Auke Hulst (1975) grew up more or less unaccompanied by adults with a brother and two sisters in the hamlet of Denmark in Groningen, on top of the Slochteren gas bubble. His childhood in a Pippi Longstocking house in a forest was the model for his third novel Children of the Rough Country (2012). And I remember Titus Broederland is his fifth novel and is about children struggling to survive without parental control in a hostile world.
Excerpts from the podcast:
You had a rather special childhood. As children, you more or less had to raise each other.
Auke Hulst: 'My father died very young when I was seven and my mother was totally unfit for responsibility.'
'We got our education through my parents' cultural baggage. There was a bookcase in the house with good books, there was a piano and there was a nice jazz collection. Everything was possible there, because no one said something couldn't be done.'
That sounds very adventurous, but it also seems very unsafe to me.
'There goes Children of the rough country about, the adventurousness of the situation but also the insecure attachment. People who themselves had a neat and tad strict childhood are a little envious of that free. But people who also grew up in an unsafe situation can hardly handle the book. It pokes at all their sensitivities.'
This novel And I remember Titus Broederland is about identical twins, the unnamed I-figure and his brother Titus who grow up in a remote forest, with an often absent father and no mother. They are seen as devil's children by the very religious outside world. Why did you want it to be about identical twins?

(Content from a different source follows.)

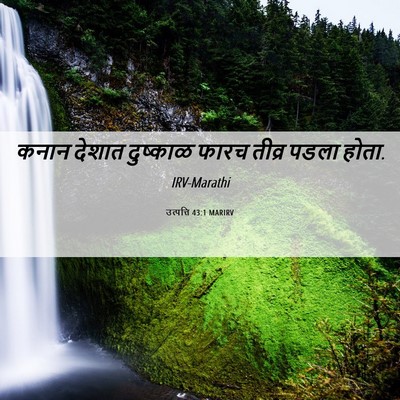 Picture 06 - उत्पत्ति 43:1 MARIRV - कनान देशात - Bible Verse Picture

'It is a well-known theme from horror films. In The Shining is also a very scary identical twin. It's kind of in the culture. A lot of research has been done on identical twins. Especially in terms of nature and nurture. When they don't grow up together, they start to look even more alike than when they do grow up together. This is because, in the latter case, they still try to be unique and start to oppose each other.'
'These identical twins are similar but also very different from each other. They also have different memories of the same things. That's what the book is about. That creates friction.'
Their mother died at birth. The father prevented their murder by shielding them from the outside world.
Titus is angry with the father. The first-person narrator is not. The father, in all their poverty, is actually very kind to the boys.
'The first-person narrator does have warm feelings for his father but he also despises him because he is very religious. After all, these boys are not. They don't understand that because they didn't grow up within the context of a church community. They have almost no contact with other people. They learn about the world through books, which are banned. And through records, music.'
When the earth starts collapsing as a result of the pumping of 'earthblood', a type of petroleum, the boys have to flee from what they nevertheless consider their safe haven.
'I wanted the fight between these guys to be about their memories. That's what time does, time eats things up. With them it is literally like that, there is no more evidence. Everything behind them has been destroyed. All they have left is the world as it is in their heads. They can never go back home again. They considered their home in the forest a safe place when that situation was not safe at all.'
About this podcast
The podcast series The Story features writers talking about their books. The interviews are nice and long, about 45 minutes so there is plenty of time to go deeper into the content. Both fiction and non-fiction and more or less weekly. Also with famous and less famous Dutch and Flemish writers.